Bowes Railway, Springwell Road, Gateshead, NE9 7QJ – Visit Now
Bowes Railway was designed to transport the coal of County Durham to Jarrow on the River Tyne. The Bowes family themselves were incredibly influential in the North East of England, from art through to coal mines, and have left references to their industry and interests across the region. While the North East of England is covered in old railways due to the abundance of coal under the ground, what makes the Bowes railways so special is who designed it. George Stephenson is famous throughout the world for designing and building “the Rocket” steam engine and popularising the 4 foot, 6 inches and a quarter gage, which has become the standard for railways the world over. He designed and opened Bowes Railway on the 17th of January 1826. This makes it one of the earliest railways in the entire world and incredibly important for the history of transport.

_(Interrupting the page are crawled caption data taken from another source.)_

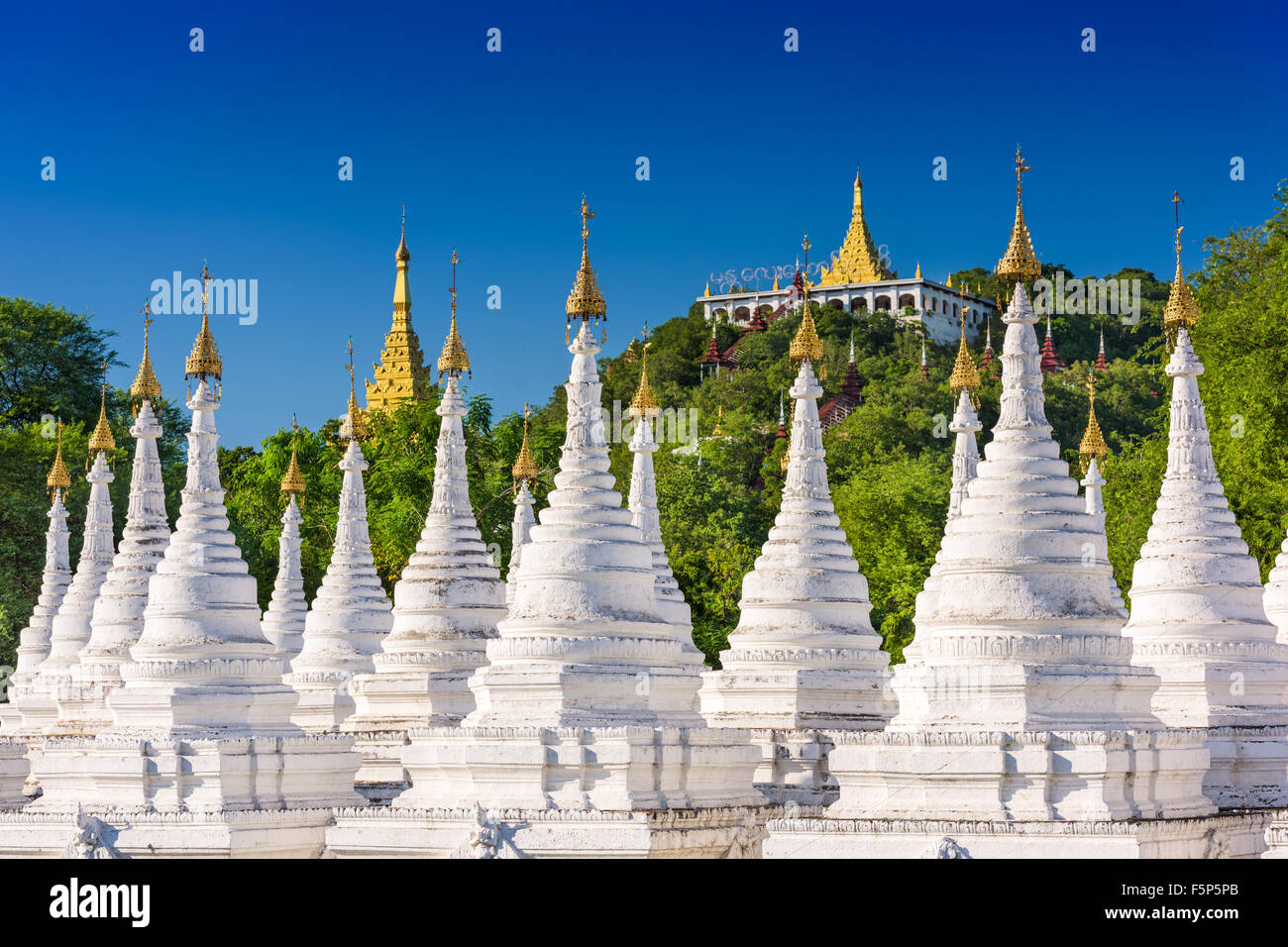 Templo pagoda Sandamuni stupas en Mandalay, Myanmar. Foto de stock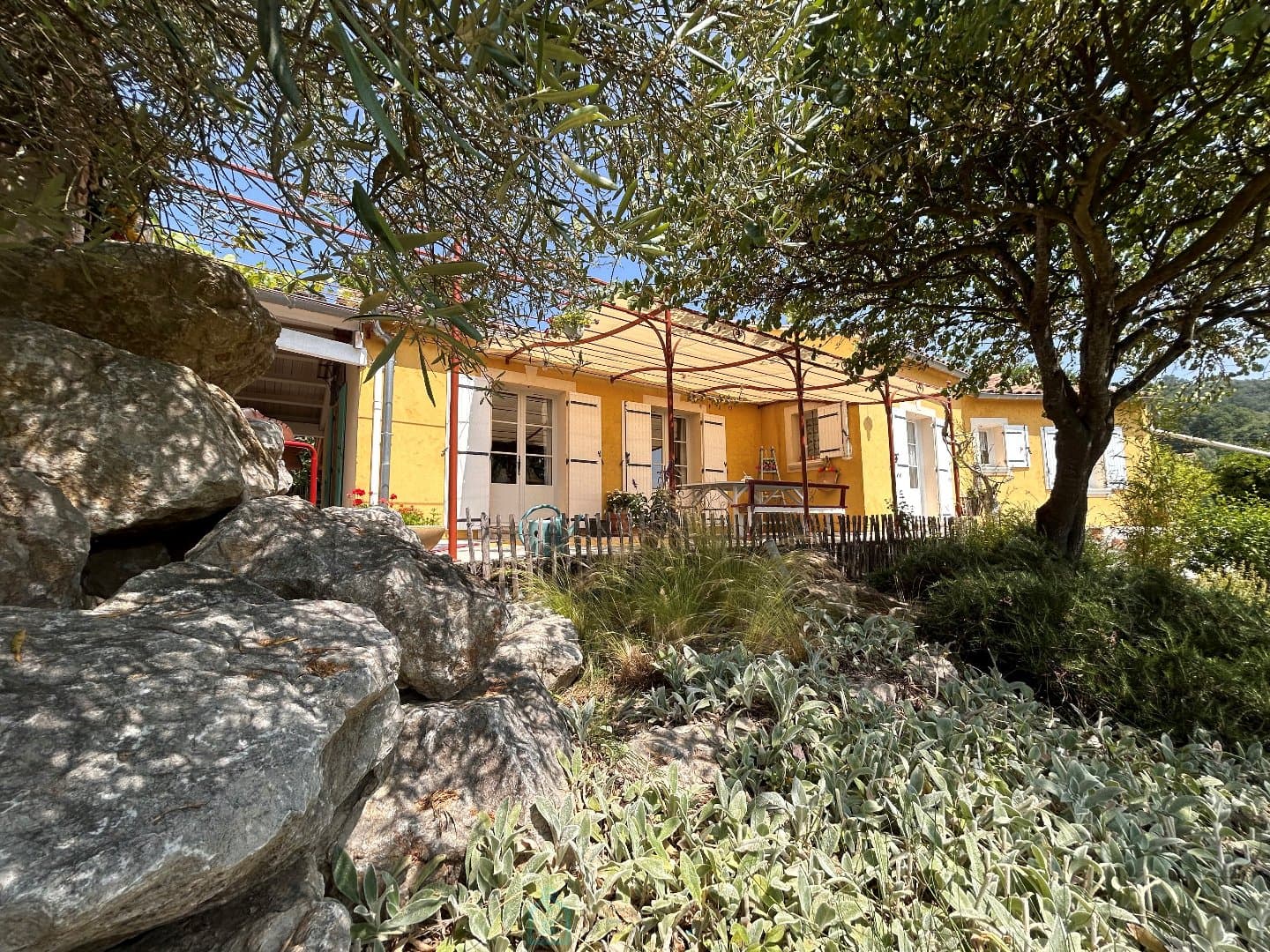 Maison de charme sur plus de 8200 m² de terrain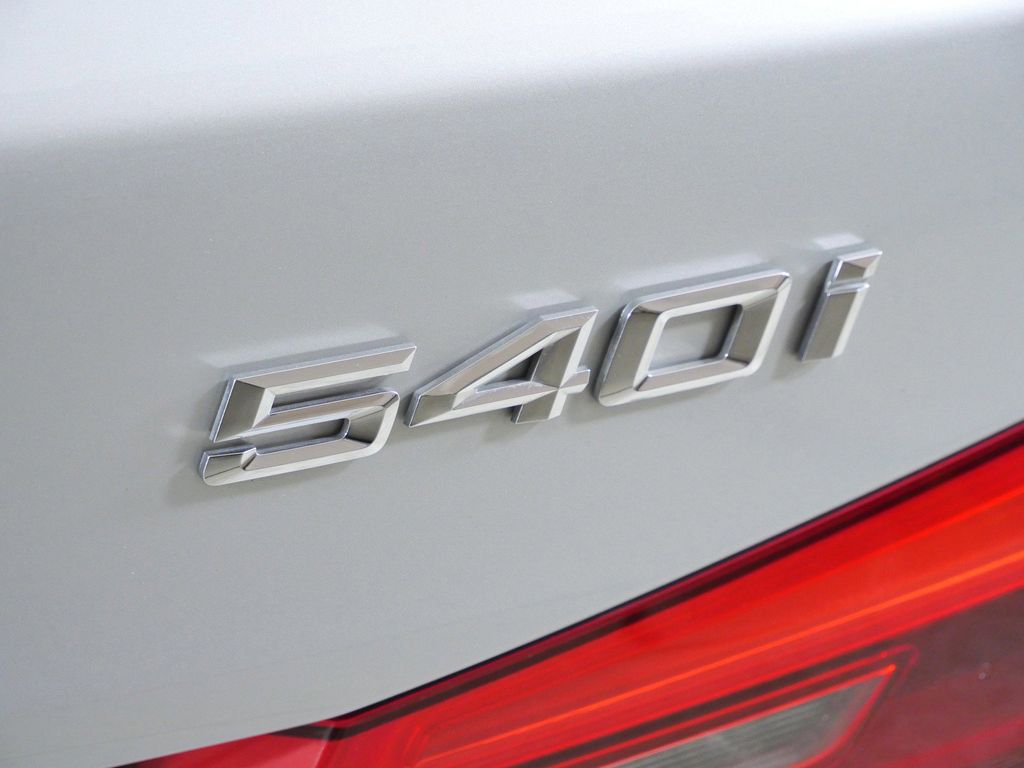 Thumbnail: 2017 BMW 5 Series - 23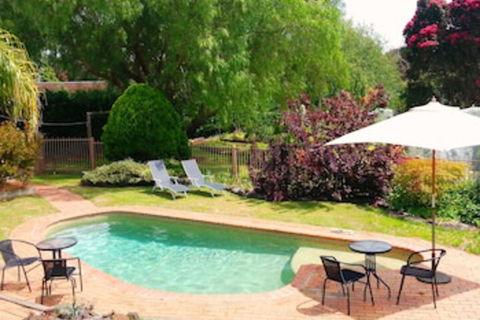The Musicians Retreat B & B - Queensland Tourism 0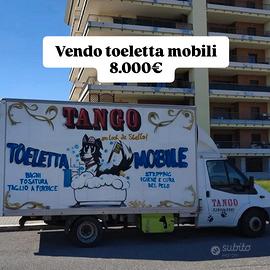 Furgone toeletta mobile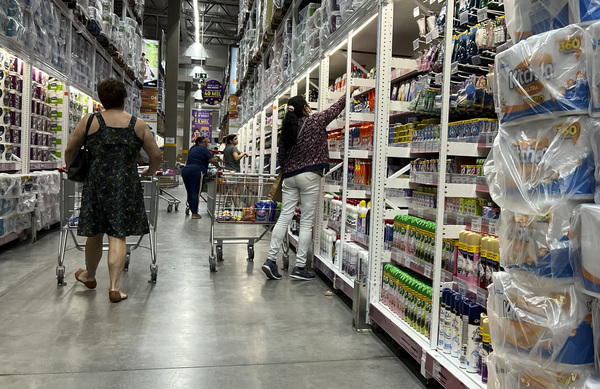 Brasil crece y ataja la inflación, pero dispara su déficit en el primer año de Lula - MarketData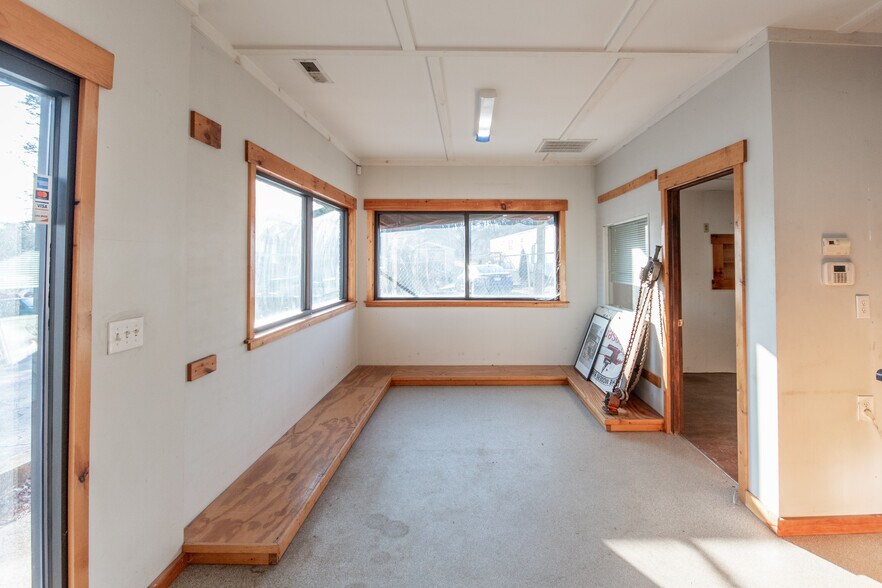 More Photos Of 535 W Main St, Franklin Specialty For Sale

The track was fifteen miles long, but the six-mile middle section relied on engines and a rope system to move the carriages and carts along it. Not only is it historically impressive, but the railway is statistically impressive with over a million tones of coal having been moved every year along this railway, as well as it staying in continuous use until 1968 when the process of retiring the line began. This section between Black Fell Bank Head and Springwell Bank Head was bought by the now defunct Tyne and Wear County Council so that it could be preserved due to the historical significance. Even today, the inclines on the route mean it must be operated by a static haulage engine and it is the only one in the whole world to still have a standard gauge, rope-hauled railway in the world. If you enjoy railway engines the site has maintenance facilities at Springwell, where the wagon shops still provide maintenance for the engines and tracks.
Bowes Railway is an impressive place to visit as it is a unique historical site showing the story of the railways from George Stephenson until the beginning of deindustrialisation, in the 1960s and 1970s.